CMC Rights Exchange @ London Book Fair – The Joy of Minecraft
One of four sessions CMC staged in our Beyond the Book series in the Children’s Hub at the London Book Fair (16 April 2015)
- The biggest licenced book property in the UK … ever.
- When buyers saw the Amazon pre-orders, everyone was on board
- You’ll never see a generic sticker book with a Minecraft logo stuck on the front.
In 2014, Minecraft became the biggest ever licensed book property in the UK, with over £10 million worth of books. Sarah Bates and Emma Cairns-Smith, from Egmont’s UK company, explained how they adapted “digital Lego” into best selling books.
It started by overhearing a fifteen year old talking about Minecraft and finding that parents with teenage boys all knew about the game. The first game had come out in 2005 and this was now 2011 when the full game had been just been released.
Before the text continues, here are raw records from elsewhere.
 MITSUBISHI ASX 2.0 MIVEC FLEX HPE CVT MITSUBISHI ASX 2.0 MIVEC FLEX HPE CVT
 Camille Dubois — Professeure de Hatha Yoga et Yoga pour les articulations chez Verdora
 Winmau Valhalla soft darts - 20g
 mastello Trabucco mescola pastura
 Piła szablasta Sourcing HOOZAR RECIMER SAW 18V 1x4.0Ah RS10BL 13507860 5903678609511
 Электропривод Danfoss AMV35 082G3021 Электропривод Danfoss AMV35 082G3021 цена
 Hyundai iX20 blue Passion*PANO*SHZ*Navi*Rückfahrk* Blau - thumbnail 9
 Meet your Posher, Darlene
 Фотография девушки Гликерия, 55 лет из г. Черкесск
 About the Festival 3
Emma got in touch with the directors at the Swedish company, Mojang, by guessing their e-mail addresses, as Mojang did not publicise them. Emma noticed they did a lot of work for the United Nations, so she thought the fact that Egmont was both Scandinavian and a charitable foundation would help her secure the rights. It worked so well that she was invited for lunch that very day. Not wanting to admit she was from the London office and not Stockholm, she said she had meetings for the rest of the day but could do the following day. She was on a plane to Stockholm within hours.
The result was a deal, with Mojang being very much in charge of creative decision making. They had already signed with X-box and Lego and saw Egmont as a good fit for a limited range of publishing. There would be nothing like the usual generic sticker books with a Minecraft logo stuck on the front cover for them. Egmont had to rip up the standard licensing contract and start again. It wasn’t about money, it was about passion and creativity. Mojang wanted Egmont to make the best books possible.
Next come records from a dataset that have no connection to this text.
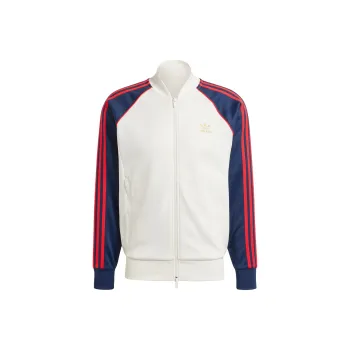 Adidas Originals Sst Adicolor Track Jacket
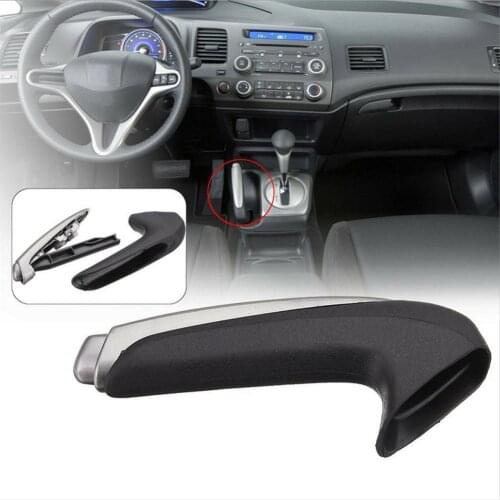 70% HOT SALES!!! Hand Brake Handle Cover Protect Stick 47115-SNA-A82Z Suitable for Honda Civic 2006-2011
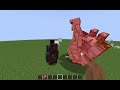 Mutant Iron Golem vs All Golems - Minecraft Mob Battle || Iron Golem Vs Gold Golem Vs Bedrock Golem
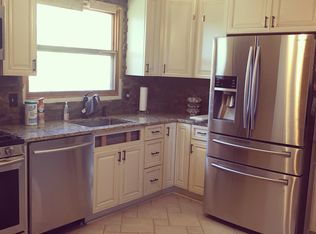 4225 Nevada Rd, Springfield, OH 45503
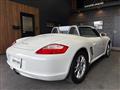 2008 Porsche Boxster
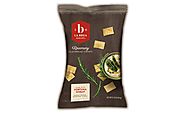 La Brea Flatbread Crisps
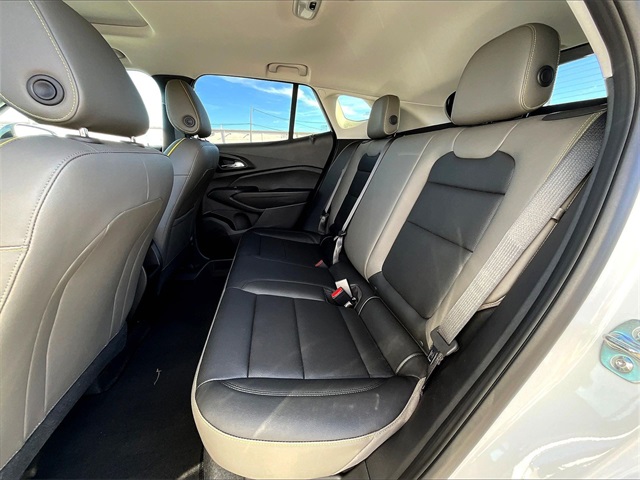 2026 Chevrolet Trax ACTIV - Photo 13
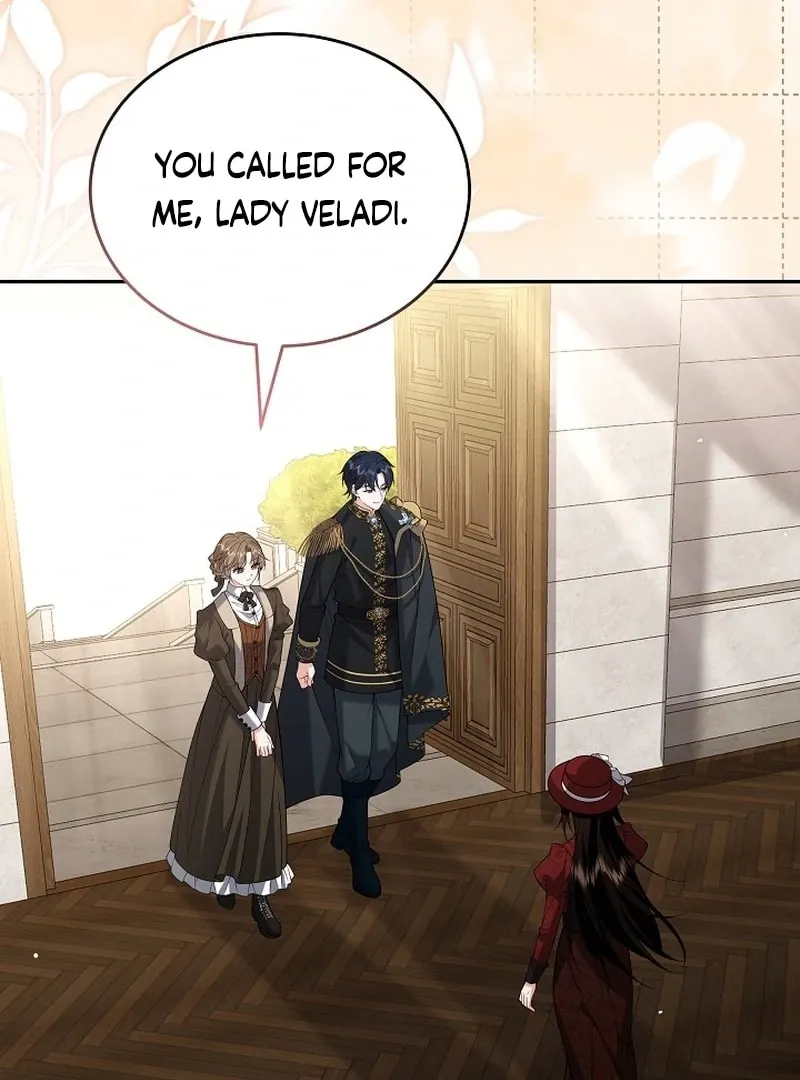 Read The Eldest Daughter Takes Over chapter 40 image 89 on Lezhin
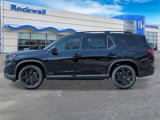 New 2025 Honda Pilot Black Edition image 2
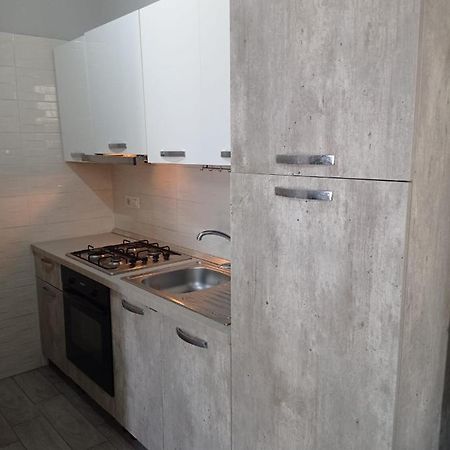 Cirillo House Apartment บอสโกเรอาเล ภายนอก รูปภาพ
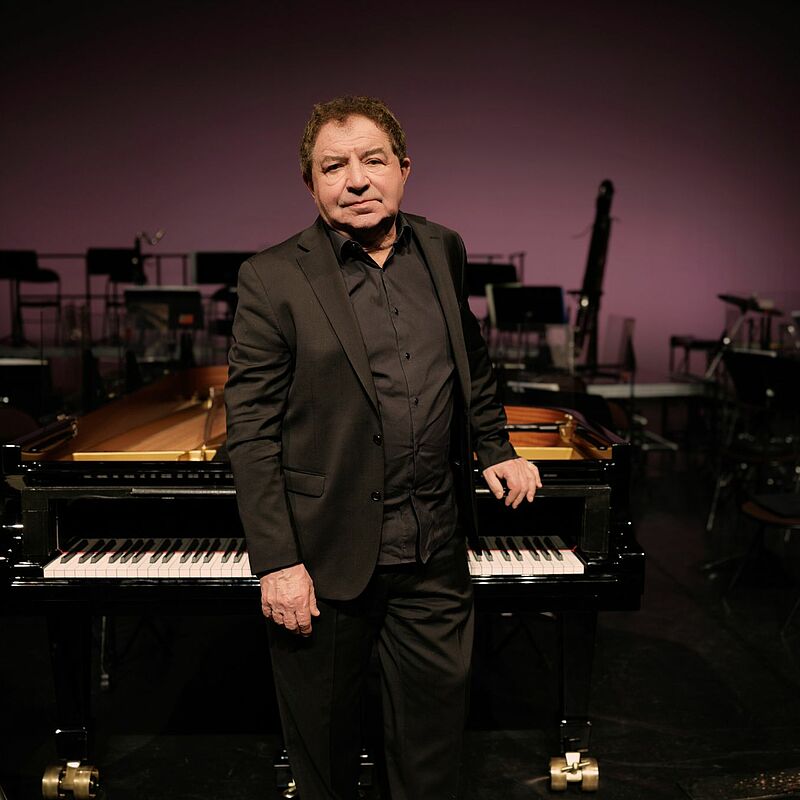 Jean-François Heisser et pianistes invités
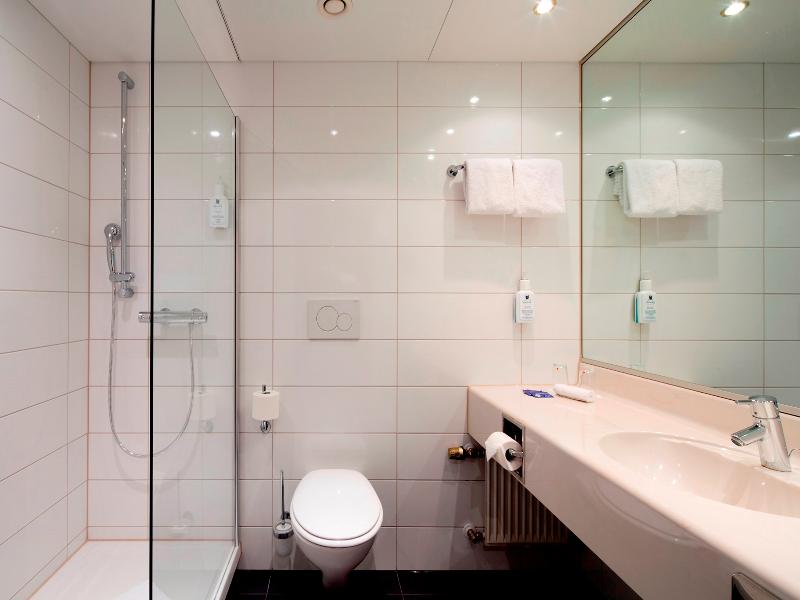 Erikson Hotel image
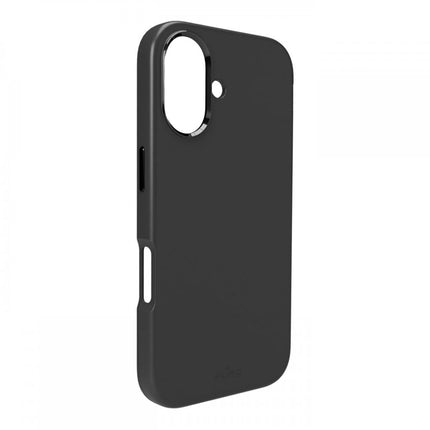 Maska za iPhone 16 6.1 crna Puro ICON MAG PRO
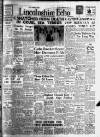 Lincolnshire Echo Saturday 03 November 1962 Page 1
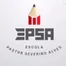 Escola Pr Severino Alves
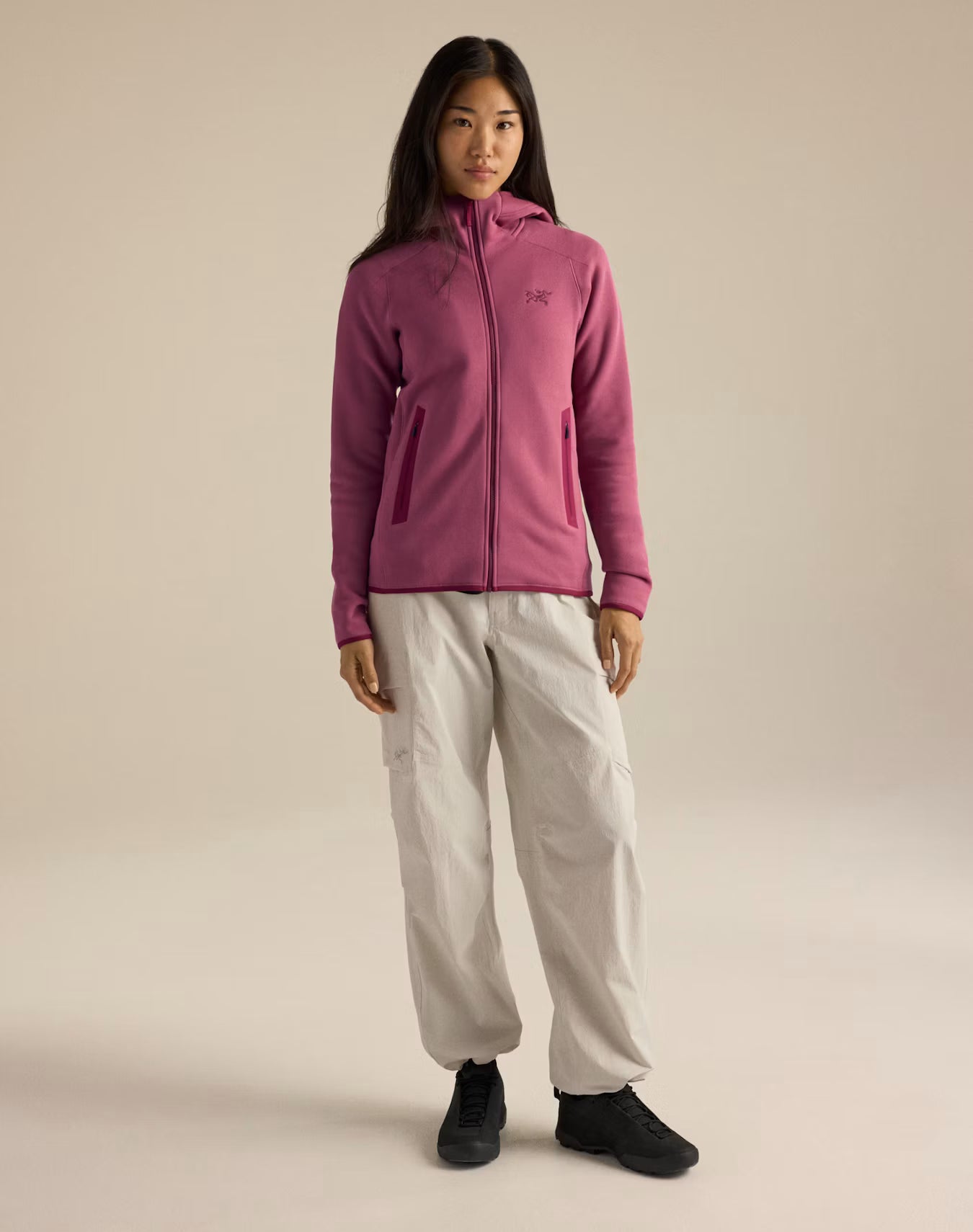 Women's Kyanite Hoody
The range of hardback books at £7.99 to price-match publications based on ‘Moshi Monsters’, was pitched to UK buyers at the beginning of 2013 for release the following October. The initial response was mixed, with buyers with kids in the right age group far more receptive than those without. Luckily, Amazon were very receptive and when other buyers saw the figures for Amazon pre-orders, everyone came on board.
After the success of the UK launch, all eighteen Egmont companies picked it up and it’s now a worldwide success. When asked if Minecraft worked in every territory, the answer was: ‘Not China … well not yet. It’s only just beginning to take off there.’